A practical guide to SQL for data engineers: core patterns, window functions, incremental models, performance tips, and where SQL runs—Snowflake to DuckDB.


SQL for Data Engineers: The Language Behind Snowflake, BigQuery, Postgres, and Every Reliable Pipeline

Why this matters

Every broken dashboard I’ve ever seen boils down to one of two things: bad data, or logic scattered across five code paths. SQL solves the second problem—by putting business logic where the data lives. If you build data models, materialize features, or run ELT in a modern warehouse, SQL is non-negotiable.

This article gives you the essentials data engineers actually use: clear concepts, copy-pasteable patterns, and which engines (Snowflake, BigQuery, Redshift, Postgres, MySQL, SQL Server, Oracle, Databricks/Spark SQL, Trino/Presto, DuckDB, SQLite, MariaDB, Teradata) fit which jobs.


Where SQL runs (and why you’d pick each)

Cloud warehouses (OLAP)

  • Snowflake — Separation of storage/compute, automatic micro-partitioning, great concurrency. Strong for ELT, secure data sharing, Snowpark UDFs.
  • BigQuery — Serverless MPP, partition/cluster at table level, BI Engine for speed. Excellent for huge analytic scans.
  • Amazon Redshift — Classic MPP with sort/dist keys; good when you’re already deep in AWS and want predictable clusters.

Relational databases (OLTP + analytics on smaller data)

  • PostgreSQL — Rich SQL + extensions (PostGIS, Timescale), great indexes and CTEs. Workhorse for application data and modest analytics.
  • MySQL / MariaDB — Massive adoption for apps; fine for light reporting.
  • SQL Server (T-SQL) — Enterprise features, SSIS/SSRS ecosystem.
  • Oracle — Deep enterprise features, very mature optimizer.
  • SQLite — Zero-install file DB; perfect for local dev and tiny jobs.

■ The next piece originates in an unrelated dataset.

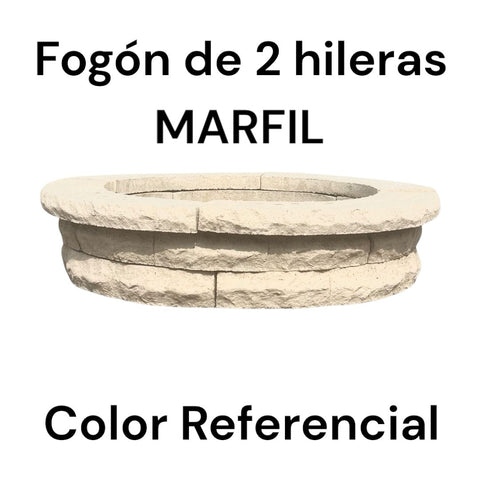 Fogón Textura Piedra de Hormigón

Query engines & lakehouses

  • Databricks / Spark SQL — SQL on Delta Lake; great with medallion architecture; pairs with notebooks and jobs.
  • Trino/Presto — Federated queries across many sources; popular for interactive analytics at scale.
  • DuckDB — In-process columnar OLAP; amazing for local analytics, CI checks, fast prototyping.

Rule of thumb: Use warehouses/lakehouses for heavy analytics and ELT; Postgres/MySQL for app data and quick reporting; DuckDB for local dev/validation.


Core SQL concepts (no fluff)

Tables, rows, and relations

SQL is a declarative language: you describe what you want, and the engine decides how. The power comes from relations (tables/views) and set operations.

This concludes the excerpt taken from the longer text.